● Exercise directions
Pull every line containing "antibody" out of the listing below.

▬▬▬

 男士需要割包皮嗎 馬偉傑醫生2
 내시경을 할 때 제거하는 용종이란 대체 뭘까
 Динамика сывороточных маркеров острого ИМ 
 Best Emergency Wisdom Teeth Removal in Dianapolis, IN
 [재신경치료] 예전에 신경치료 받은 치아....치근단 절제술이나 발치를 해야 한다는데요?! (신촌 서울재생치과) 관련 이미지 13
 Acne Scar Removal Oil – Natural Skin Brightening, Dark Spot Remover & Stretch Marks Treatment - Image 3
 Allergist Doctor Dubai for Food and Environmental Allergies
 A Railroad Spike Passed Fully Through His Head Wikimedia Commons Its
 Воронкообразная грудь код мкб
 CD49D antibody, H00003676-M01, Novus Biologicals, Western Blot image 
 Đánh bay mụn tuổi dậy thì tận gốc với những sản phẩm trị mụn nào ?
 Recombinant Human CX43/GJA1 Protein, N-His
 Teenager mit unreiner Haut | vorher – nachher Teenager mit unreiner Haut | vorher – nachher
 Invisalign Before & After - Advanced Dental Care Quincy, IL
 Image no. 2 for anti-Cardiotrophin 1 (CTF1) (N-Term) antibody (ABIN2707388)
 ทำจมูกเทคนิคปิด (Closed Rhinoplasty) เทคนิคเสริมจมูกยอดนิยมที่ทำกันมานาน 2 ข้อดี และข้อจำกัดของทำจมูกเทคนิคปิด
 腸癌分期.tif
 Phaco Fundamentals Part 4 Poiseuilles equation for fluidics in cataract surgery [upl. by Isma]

▬▬▬

● Reply
 CD49D antibody, H00003676-M01, Novus Biologicals, Western Blot image 
 Image no. 2 for anti-Cardiotrophin 1 (CTF1) (N-Term) antibody (ABIN2707388)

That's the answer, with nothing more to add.